The school’s astronaut training club has just received and planted seeds that have been with Tim Peake, Britain’s astronaut on the International Space Station. The seeds of the salad leaf rocket have been in space for six months and were returned to Earth in March by the former commander of the space station, Scott Kelly an American astronaut. They are part of a large scale experiment being run by the Royal Horticultural Society and the UK Space Agency.

The seeds have been carefully sorted and put into packets which were delivered to selected schools and societies that have signed up for the experiment. Each group has received a packet containing 100 seeds that have been on the space station and another packet containing seeds that have remained on Earth. We do not know which packet is which. The aim is to germinate the two types of seeds and grow the plant to see if there are any differences in the seeds. This will help us learn more about the effects of weightlessness and radiation on seeds in order to develop plant varieties that can be grown on long space missions.

The results from all the different groups will be put into a data base and it will give scientists valuable information, according to Dr Libby Jackson of the UK Space Agency.
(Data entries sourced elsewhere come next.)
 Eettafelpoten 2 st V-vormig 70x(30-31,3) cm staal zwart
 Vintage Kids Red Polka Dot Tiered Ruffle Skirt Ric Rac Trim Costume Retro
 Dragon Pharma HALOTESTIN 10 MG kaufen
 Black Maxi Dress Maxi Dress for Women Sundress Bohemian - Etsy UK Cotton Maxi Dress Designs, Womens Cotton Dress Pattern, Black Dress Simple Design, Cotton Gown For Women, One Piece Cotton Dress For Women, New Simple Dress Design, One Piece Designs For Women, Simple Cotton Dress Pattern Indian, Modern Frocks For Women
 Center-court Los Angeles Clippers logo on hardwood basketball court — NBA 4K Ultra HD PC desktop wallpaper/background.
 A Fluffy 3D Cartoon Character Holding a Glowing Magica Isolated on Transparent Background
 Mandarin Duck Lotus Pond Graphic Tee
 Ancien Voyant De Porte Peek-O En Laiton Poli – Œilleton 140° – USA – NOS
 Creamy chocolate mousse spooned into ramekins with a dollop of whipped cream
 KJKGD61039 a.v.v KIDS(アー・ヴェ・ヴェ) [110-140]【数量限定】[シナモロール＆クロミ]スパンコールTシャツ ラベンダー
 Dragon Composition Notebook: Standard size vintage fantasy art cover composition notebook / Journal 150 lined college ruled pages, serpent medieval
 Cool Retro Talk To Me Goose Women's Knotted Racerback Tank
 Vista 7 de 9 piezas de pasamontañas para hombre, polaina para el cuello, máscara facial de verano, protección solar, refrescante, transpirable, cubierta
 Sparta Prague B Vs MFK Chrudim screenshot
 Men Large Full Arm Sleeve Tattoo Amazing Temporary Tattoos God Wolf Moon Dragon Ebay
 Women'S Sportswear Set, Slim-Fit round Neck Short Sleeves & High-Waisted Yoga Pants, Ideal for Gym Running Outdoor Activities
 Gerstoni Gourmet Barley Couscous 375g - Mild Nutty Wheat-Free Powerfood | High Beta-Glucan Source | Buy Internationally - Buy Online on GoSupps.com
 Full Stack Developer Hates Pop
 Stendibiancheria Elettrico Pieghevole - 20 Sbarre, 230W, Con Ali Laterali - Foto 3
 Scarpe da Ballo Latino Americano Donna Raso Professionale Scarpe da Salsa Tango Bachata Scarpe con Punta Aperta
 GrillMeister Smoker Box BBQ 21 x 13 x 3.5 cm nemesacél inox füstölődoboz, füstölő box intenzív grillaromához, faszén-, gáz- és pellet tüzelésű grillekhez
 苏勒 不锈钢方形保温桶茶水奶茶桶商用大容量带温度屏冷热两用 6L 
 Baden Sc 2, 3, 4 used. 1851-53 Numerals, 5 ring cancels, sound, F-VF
She has said “Should we ever want to send astronauts back to the Moon or on to Mars they will need fresh food. At the moment astronaut food is freeze dried and not very exciting. We would like to have astronauts growing their own food. It would be healthier, psychologically better for them and it would mean that they would not need to take so much with them”.

Dr Ketchion says that the astronaut trainees have been very keen and buzzing about the entire process. Trainees have already begun to come up with imaginative theories about how the seeds might be affected by being in space such as the plants may not be as nutritious because of the radiation in space. Results should be obtained in five weeks’ time. Whatever we find out it has given everyone a great feeling of taking part in a really important scientific project as well as learning about the process of conducting a scientific investigation. One day one of the trainees may even follow in Tim Peake’s footsteps.